Recorded information →
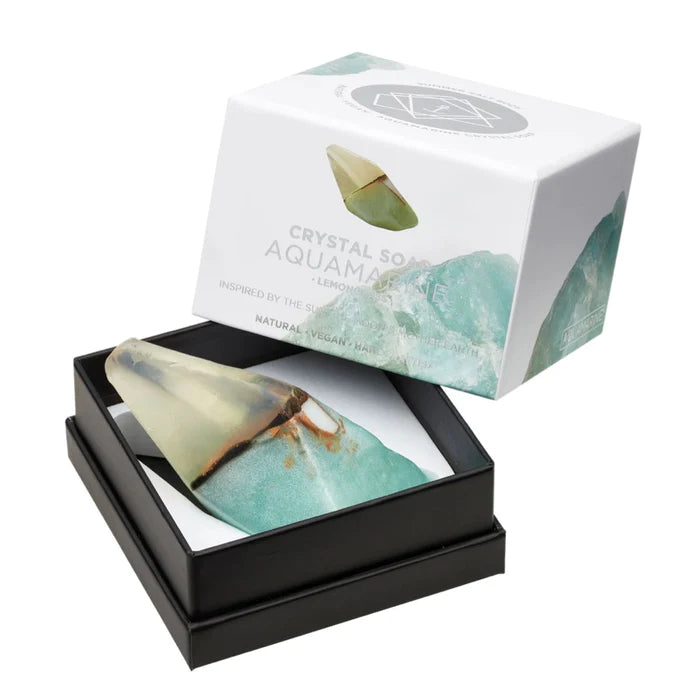 Summer Salt Body Crystal Soap Lemongrass 155g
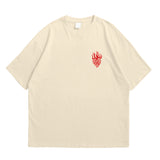 Camiseta Oversized - Brave Heart - Off White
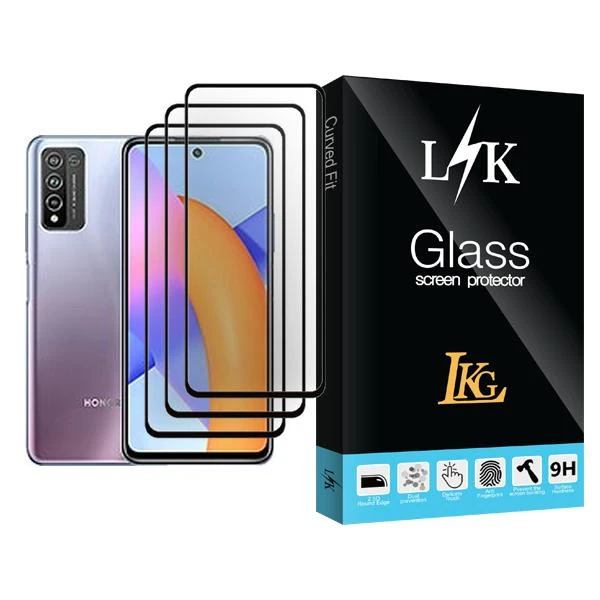 محافظ صفحه نمایش ال کا جی مدل LK Glass MIX003 مناسب برای گوشی موبایل آنر 10X Lite بسته سه عددی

What you are asked to do → Please copy the data above exactly; the pictures do not belong in the copy.

Task answer →
 Summer Salt Body Crystal Soap Lemongrass 155g
 Camiseta Oversized - Brave Heart - Off White
 محافظ صفحه نمایش ال کا جی مدل LK Glass MIX003 مناسب برای گوشی موبایل آنر 10X Lite بسته سه عددی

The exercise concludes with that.